■ Source information
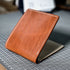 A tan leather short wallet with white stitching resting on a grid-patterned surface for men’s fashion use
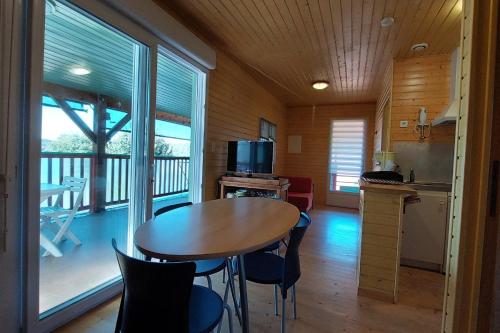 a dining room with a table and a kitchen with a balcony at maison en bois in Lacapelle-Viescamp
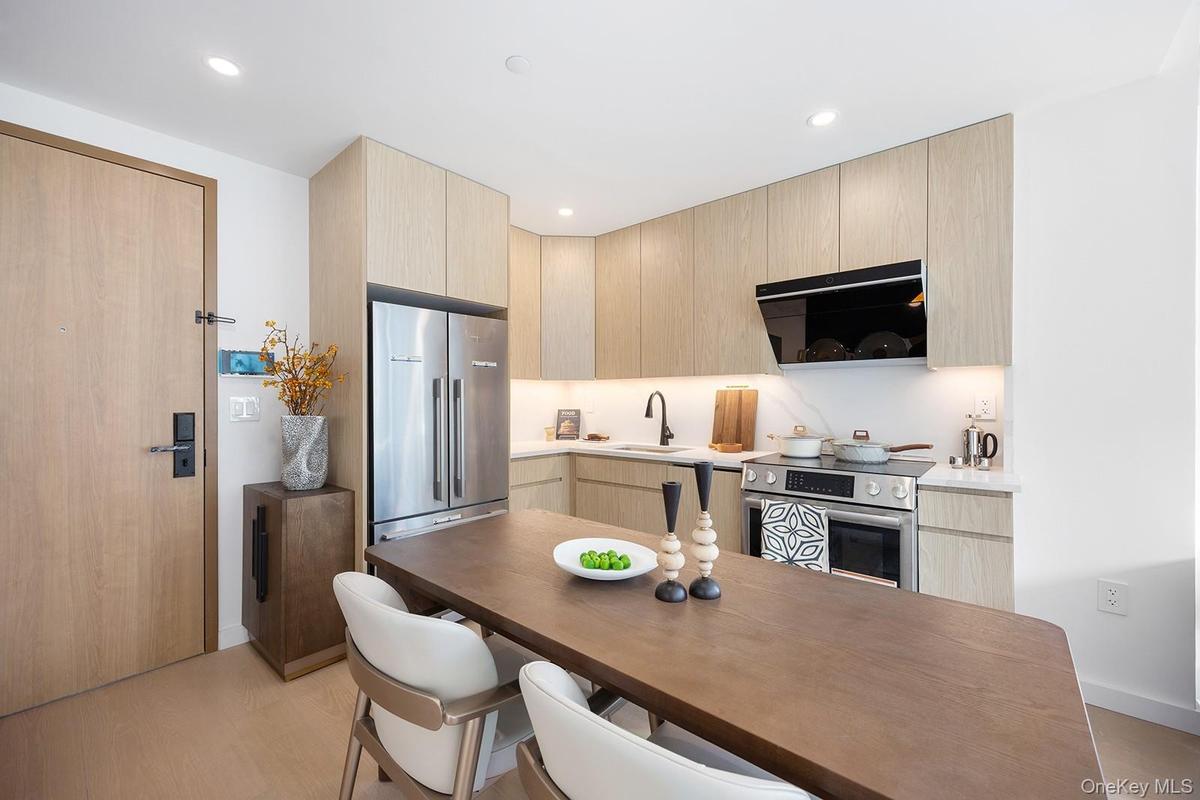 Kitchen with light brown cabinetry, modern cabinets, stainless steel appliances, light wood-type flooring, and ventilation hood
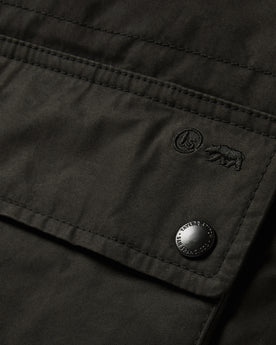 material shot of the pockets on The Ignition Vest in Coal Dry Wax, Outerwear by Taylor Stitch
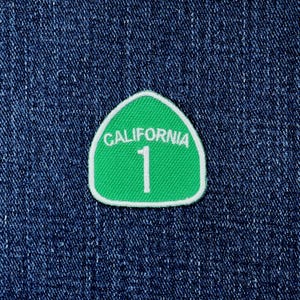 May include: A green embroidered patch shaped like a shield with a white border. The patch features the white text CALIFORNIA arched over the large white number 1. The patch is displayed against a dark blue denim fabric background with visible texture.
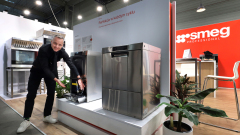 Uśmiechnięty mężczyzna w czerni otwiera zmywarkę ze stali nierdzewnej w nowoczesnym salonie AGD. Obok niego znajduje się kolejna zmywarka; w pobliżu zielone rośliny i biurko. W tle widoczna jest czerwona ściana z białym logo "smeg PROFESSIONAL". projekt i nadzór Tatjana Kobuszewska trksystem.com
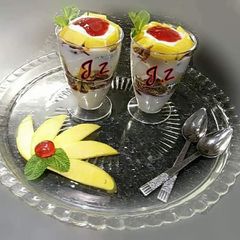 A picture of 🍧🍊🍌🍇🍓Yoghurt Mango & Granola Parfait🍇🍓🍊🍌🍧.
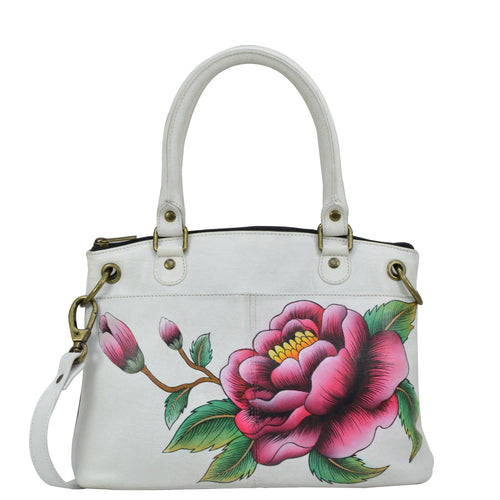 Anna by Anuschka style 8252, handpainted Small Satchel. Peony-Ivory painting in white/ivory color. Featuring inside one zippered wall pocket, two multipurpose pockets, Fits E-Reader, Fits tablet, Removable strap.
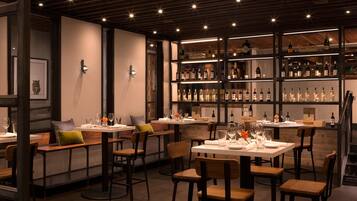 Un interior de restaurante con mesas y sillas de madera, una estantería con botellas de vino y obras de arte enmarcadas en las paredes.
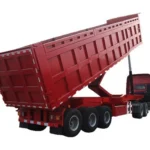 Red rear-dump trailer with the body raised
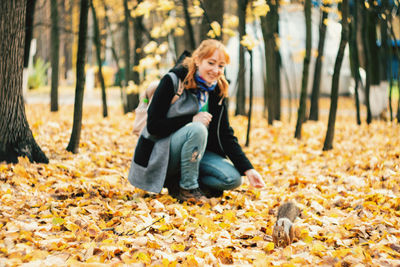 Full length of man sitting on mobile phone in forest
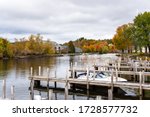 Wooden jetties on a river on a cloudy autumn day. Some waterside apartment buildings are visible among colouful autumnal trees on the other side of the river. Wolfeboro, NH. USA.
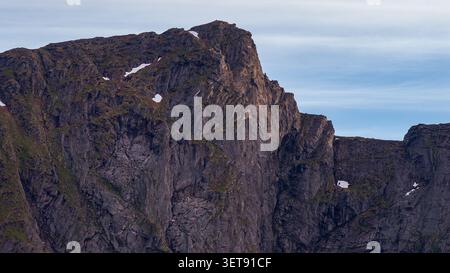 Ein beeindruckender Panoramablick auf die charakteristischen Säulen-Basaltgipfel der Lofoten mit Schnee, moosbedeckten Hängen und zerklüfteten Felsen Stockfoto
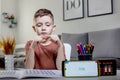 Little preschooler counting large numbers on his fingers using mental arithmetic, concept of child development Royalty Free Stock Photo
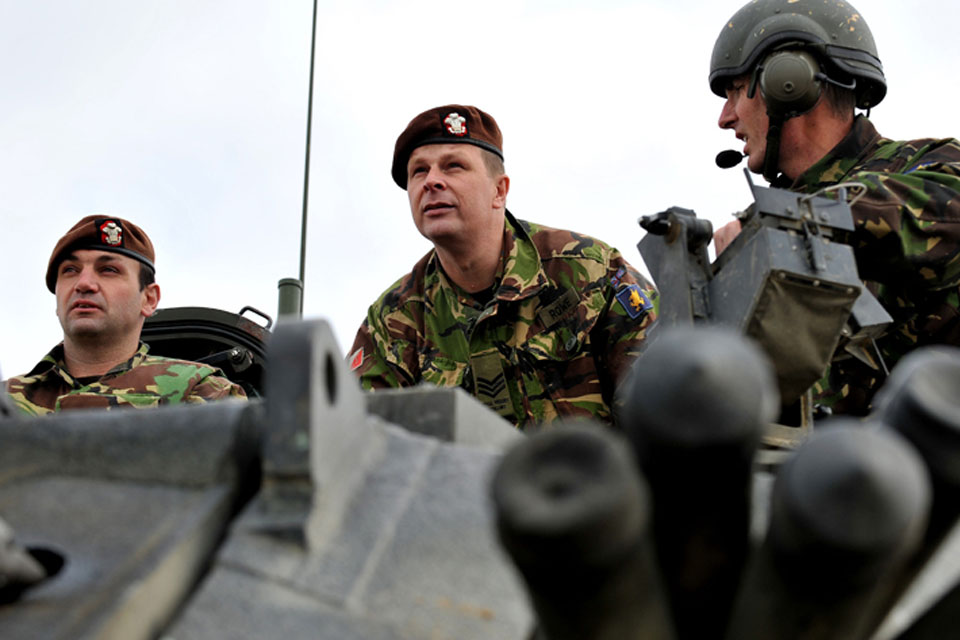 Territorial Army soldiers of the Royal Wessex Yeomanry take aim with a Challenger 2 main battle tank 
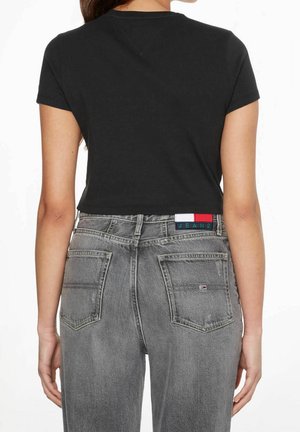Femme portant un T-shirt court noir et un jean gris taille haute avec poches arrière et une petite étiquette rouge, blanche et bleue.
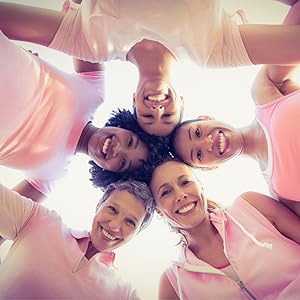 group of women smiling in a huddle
* * *
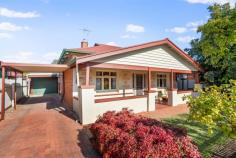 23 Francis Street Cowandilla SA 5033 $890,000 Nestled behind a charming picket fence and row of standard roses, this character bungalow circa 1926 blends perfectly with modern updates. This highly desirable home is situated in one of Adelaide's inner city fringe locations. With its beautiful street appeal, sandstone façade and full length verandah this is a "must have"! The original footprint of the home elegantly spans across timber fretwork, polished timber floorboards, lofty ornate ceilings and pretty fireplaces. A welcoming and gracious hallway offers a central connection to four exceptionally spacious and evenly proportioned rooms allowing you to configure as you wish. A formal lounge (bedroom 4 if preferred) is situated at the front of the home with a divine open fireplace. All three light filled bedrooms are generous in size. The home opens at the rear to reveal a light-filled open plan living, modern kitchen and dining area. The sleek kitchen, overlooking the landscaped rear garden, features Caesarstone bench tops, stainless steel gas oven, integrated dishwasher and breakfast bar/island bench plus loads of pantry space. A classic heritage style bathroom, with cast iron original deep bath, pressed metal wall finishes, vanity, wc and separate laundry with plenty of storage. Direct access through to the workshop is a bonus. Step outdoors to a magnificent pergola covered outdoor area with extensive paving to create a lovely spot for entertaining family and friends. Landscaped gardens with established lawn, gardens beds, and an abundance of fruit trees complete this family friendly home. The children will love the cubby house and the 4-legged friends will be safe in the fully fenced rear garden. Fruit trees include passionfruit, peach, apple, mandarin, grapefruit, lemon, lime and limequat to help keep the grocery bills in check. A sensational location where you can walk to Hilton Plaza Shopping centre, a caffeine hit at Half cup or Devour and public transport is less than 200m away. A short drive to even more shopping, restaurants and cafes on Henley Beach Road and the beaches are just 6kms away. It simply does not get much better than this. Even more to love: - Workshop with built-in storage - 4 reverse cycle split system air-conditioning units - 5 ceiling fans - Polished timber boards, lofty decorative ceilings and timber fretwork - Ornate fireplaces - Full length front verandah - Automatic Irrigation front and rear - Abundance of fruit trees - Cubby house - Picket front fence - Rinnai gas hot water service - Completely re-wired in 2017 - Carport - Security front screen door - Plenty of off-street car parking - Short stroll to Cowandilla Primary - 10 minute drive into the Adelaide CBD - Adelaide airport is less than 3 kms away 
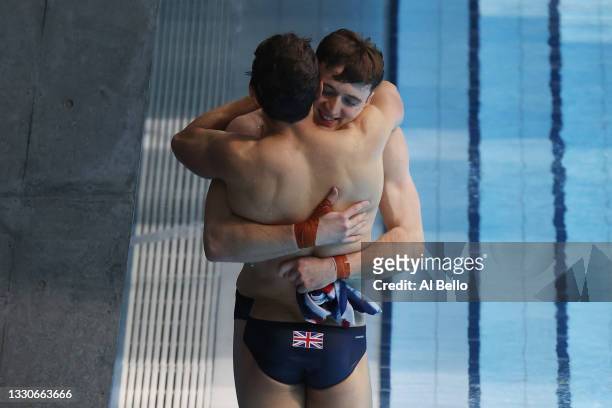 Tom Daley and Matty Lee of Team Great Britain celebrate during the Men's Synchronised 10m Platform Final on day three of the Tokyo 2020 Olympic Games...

■ About this task
Work from the entries above. Set down exactly and only the lines from the line with "A tan leather" to the line with "Uśmiechnięty mężczyzna w", both included, and leave the pictures out.

■ Your response
 A tan leather short wallet with white stitching resting on a grid-patterned surface for men’s fashion use
 a dining room with a table and a kitchen with a balcony at maison en bois in Lacapelle-Viescamp
 Kitchen with light brown cabinetry, modern cabinets, stainless steel appliances, light wood-type flooring, and ventilation hood
 material shot of the pockets on The Ignition Vest in Coal Dry Wax, Outerwear by Taylor Stitch
 May include: A green embroidered patch shaped like a shield with a white border. The patch features the white text CALIFORNIA arched over the large white number 1. The patch is displayed against a dark blue denim fabric background with visible texture.
 Uśmiechnięty mężczyzna w czerni otwiera zmywarkę ze stali nierdzewnej w nowoczesnym salonie AGD. Obok niego znajduje się kolejna zmywarka; w pobliżu zielone rośliny i biurko. W tle widoczna jest czerwona ściana z białym logo "smeg PROFESSIONAL". projekt i nadzór Tatjana Kobuszewska trksystem.com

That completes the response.